NP: Do you feel like your photographic eye now is better than when you started photographing?

MM: I think that everyone is capable of seeing photographically. It's simply the encouragement, incubation, and nurturing of that vision. If everyone took a photography class, I think that everyone would be able to develop a photographic eye. It exists in all of us.

NP: When taking pictures, are you on the hunt? Do you act impulsively, or do you already have the image in your head?

MM: I think in my artistic journey, different styles of picture-making have felt more natural or true to where I was at as an artist. Certainly, in my early years, I let a lot of pictures find me because I was just always looking. I think the reason for that was that I didn't necessarily have my artistic voice yet. I didn't know what story I wanted to tell, what message I had, or what was motivating me. As a result, I would just let things happen and learn from the experience. That's the most joyful way of creating art. But as I grew older and began to take myself more seriously as an artist, it became clear to me that if I was going to keep making art, I wanted it to have meaning and to say something that felt authentic to me. Mentors and art critics encouraged me to speak about ideas that were brimming inside of me that maybe I had never shared with anyone else.

And then it’s all about how to translate these ideas into a visual representation. I think figuring out what sort of seed it is and what it can grow into is where the artistic direction comes in. A lot of it is trial and error. It's not right every single time, but there's a time and a place for certain images. It's almost like baking: you see how it goes, and maybe you change the recipe slightly the next time based on how it turns out.
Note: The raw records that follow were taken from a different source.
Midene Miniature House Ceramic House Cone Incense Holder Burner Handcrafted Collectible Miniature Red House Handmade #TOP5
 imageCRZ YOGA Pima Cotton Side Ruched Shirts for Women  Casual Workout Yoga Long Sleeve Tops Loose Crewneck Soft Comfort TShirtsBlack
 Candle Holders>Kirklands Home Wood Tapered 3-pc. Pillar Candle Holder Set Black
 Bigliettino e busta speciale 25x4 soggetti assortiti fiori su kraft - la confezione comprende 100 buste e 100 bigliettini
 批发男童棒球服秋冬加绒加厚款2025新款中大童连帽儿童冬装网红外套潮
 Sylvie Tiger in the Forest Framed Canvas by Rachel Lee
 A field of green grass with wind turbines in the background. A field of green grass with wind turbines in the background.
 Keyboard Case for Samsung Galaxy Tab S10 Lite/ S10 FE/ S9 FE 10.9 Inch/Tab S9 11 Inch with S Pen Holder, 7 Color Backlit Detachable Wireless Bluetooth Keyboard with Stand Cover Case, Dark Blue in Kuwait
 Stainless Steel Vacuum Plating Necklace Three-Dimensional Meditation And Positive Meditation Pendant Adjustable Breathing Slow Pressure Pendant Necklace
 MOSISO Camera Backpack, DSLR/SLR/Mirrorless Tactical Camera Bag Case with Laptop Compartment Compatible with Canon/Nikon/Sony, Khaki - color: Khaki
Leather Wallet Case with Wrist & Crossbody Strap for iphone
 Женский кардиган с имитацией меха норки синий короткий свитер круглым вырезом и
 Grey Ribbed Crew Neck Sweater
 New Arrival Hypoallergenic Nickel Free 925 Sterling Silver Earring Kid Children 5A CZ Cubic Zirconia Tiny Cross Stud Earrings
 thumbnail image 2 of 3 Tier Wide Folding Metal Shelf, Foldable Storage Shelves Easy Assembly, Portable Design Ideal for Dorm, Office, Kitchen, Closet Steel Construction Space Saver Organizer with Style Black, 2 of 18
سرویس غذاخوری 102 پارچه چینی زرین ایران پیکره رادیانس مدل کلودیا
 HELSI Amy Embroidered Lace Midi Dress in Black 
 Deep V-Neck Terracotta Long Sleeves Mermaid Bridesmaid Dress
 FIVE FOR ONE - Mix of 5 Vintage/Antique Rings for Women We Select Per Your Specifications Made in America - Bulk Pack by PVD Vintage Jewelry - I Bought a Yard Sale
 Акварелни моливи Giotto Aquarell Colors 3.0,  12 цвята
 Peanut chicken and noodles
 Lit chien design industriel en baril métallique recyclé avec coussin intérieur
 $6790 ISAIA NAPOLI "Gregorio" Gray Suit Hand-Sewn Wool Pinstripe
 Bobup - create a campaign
I like analogies.

Desperate for Affection, 2020.

NP: In your work, femininity and the female body play a big role. What inspires you about feminine energy, and how do you visualize that in your work?

MM: If you had asked me this maybe a year ago, I would have given you a completely different answer. But I think I very much try to speak with a voice that acknowledges the complication of the male gaze and femininity and the patriarchy, because many women, myself included, grow up benefiting from it. As a result, our identities form around it. They're so intrinsically linked that it becomes hard to be so black and white.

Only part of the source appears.